This way you go to the Salesperson with a clear head about what you want, and they know that they are dealing with a serious buyer who knows what they want and have a clear price on what they will pay.

So your salesperson will input all that data. Be direct and ask for the "Price to change" and not get involved in the single amounts for your old car, the price for the new car. This figure must then fall in your budget, if it does not, then you need to tell them it does not and then begin the negotiation process. This will involve them going to a Manager to ok the deal that he is offering.

Now I can't speak for all manufactures or dealer groups, but most will offer about 3-5% straight off, you can however get anything up to 20-25% again this would be a model that is being replaced or has been in stock for a while. Again we come back to research and how flexible you are about what you drive, but the deals are out there.

Now you may have had a better deal offered, either by way of better part exchange deal, more discount off the new car.
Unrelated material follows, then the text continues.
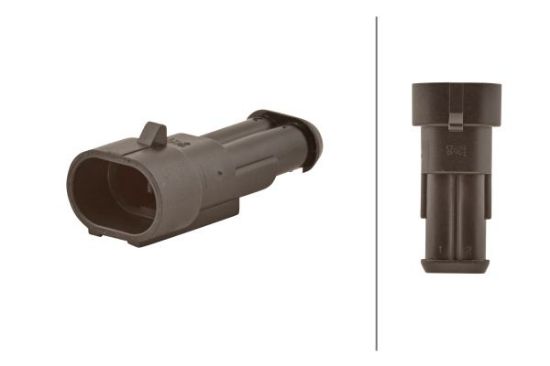 Afbeeldingen van HELLA 8JA 746 183-022 Stekkerbehuizing - 2-polig - Stekker: Paraboolverbinder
If the price fits your budget don't sign then, try for some more, maybe through what I call "add on" mats, mud flaps, full tank of fuel etc.

If then you're happy, and I mean happy with the spec, the finance (If you took it) the delivery date. Sign up and away you go.
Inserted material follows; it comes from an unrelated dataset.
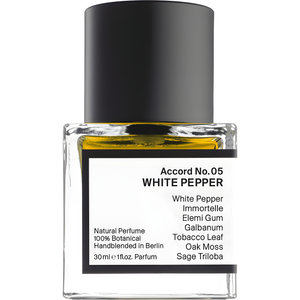 Accord No. 05: White Pepper by RAER Scents perfume bottle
I did mention other ways of buying a car.

Brokers have driven better deals from dealers. You are basically buying from a dealer, but the broker has done the deal for you. Look for hidden extras

Not as popular as a few years back, but you can still grab a bargain.

The downside of the above is; you may not be able to part exchange your old car or the price is the lowest book price as the car is unseen. Check warranties, and delivery times as brokers have to reach a target before they get the deal, they will take your order and leave the delivery date to be confirmed and that could take months.

My Advice

I would advise buying from a dealer. You have more leverage should something go wrong, they would like to service your car, and warranty claims are pursued harder if you buy the car from them. After all they want you to come back and buy another car from them, don't they?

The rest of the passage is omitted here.